We can also do multiple groupings. Suppose we want the maximum life expectancy in each continent for each year. We group by continent and year and calculate the maximum with the max
function:
gapminder %>%
group_by(continent, year) %>%
summarize(longest_life = max(lifeExp))
## # A tibble: 60 x 3
## # Groups: continent [?]
## continent year longest_life
## <fctr> <int> <dbl>
## 1 Europe 1952 72.67
## 2 Europe 1957 73.47
## 3 Europe 1962 73.68
## 4 Europe 1967 74.16
## 5 Europe 1972 74.72
## 6 Europe 1977 76.11
## 7 Europe 1982 76.99
## 8 Europe 1987 77.41
## 9 Europe 1992 78.77
## 10 Europe 1997 79.39
## # ... with 50 more rows
Hmm, we got the longest life expectancy for each continent-year, but we didn’t get the country. To get the country, we have to ask R “Where lifeExp is at a maximum, what is the entry in country?” For that we use the which.max
function. max
returns the maximum value; which.max
returns the location of the maximum value. That is illustrated in the following example:
max(c(1, 7, 4))
## [1] 7
which.max(c(1, 7, 4))
## [1] 2
Now, back to the question: Where lifeExp is at a maximum, what is the entry in country?
gapminder %>%
group_by(continent, year) %>%
summarize(longest_life = max(lifeExp), country = country[which.max(lifeExp)])
## # A tibble: 60 x 4
## # Groups: continent [?]
## continent year longest_life country
## <fctr> <int> <dbl> <chr>
## 1 Europe 1952 72.67 Norway
## 2 Europe 1957 73.47 Iceland
## 3 Europe 1962 73.68 Iceland
## 4 Europe 1967 74.16 Sweden
## 5 Europe 1972 74.72 Sweden
## 6 Europe 1977 76.11 Iceland
## 7 Europe 1982 76.99 Iceland
## 8 Europe 1987 77.41 Switzerland
## 9 Europe 1992 78.77 Iceland
## 10 Europe 1997 79.39 Sweden
## # ... with 50 more rows
Challenge – Part 1
- Calculate a new column: the total GDP of each country in each year.

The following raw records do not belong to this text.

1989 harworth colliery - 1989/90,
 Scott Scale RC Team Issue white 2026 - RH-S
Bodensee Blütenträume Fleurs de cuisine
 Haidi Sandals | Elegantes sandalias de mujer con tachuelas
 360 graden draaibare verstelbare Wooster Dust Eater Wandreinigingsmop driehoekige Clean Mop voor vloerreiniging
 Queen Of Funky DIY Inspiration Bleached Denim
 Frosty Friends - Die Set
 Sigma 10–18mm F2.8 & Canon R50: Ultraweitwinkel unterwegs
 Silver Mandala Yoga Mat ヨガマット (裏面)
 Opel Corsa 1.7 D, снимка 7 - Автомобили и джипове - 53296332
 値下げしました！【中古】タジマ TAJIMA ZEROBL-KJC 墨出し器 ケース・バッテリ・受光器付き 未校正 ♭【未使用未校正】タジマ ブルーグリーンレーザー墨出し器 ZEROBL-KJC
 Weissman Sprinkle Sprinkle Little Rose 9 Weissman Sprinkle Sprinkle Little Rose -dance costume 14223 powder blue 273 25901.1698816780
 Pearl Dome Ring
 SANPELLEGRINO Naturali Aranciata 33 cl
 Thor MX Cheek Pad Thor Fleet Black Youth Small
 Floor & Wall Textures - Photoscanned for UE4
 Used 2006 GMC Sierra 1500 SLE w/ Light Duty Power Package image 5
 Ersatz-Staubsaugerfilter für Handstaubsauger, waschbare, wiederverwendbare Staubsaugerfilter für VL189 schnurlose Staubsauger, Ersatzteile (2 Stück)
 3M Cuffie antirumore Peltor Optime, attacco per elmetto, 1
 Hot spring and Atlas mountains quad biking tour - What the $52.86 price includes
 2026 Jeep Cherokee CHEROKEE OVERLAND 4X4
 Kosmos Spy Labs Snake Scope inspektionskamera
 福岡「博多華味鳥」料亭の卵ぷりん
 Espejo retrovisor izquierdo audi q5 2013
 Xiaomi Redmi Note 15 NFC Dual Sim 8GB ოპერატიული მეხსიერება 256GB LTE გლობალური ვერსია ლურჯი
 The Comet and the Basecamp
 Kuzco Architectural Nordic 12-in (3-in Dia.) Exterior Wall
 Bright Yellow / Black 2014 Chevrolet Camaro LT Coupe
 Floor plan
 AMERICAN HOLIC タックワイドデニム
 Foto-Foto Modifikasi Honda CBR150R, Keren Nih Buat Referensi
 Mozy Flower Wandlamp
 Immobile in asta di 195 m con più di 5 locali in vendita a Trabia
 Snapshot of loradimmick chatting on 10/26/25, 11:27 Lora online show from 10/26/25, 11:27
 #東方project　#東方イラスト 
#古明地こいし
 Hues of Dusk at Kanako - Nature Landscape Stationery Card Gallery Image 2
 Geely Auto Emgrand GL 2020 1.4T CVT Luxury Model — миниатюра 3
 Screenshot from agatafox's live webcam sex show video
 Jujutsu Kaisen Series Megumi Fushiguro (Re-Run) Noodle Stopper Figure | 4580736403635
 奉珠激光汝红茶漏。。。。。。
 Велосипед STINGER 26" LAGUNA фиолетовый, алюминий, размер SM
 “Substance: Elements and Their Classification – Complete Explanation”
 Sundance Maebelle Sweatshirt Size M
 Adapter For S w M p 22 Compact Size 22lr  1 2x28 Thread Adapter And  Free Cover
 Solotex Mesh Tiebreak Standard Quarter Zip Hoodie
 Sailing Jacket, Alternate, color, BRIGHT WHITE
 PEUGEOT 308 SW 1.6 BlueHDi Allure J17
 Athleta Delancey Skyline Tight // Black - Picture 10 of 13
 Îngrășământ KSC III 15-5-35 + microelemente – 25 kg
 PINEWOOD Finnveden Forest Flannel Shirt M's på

- Calculate the variance –
var()
of countries’ gdps in each year.- Is country-level GDP getting more or less equal over time?
Challenge – Part 2
- Modify the code you just wrote to calculate the variance in both country-level GDP and per-capita GDP.
- Do both measures support the conclusion you arrived at above?
Resources
That is the core of dplyr
’s functionality, but it does more. RStudio makes a great cheatsheet that covers all the dplyr
functions we just learned, plus what we will learn in the next lesson: keeping data tidy.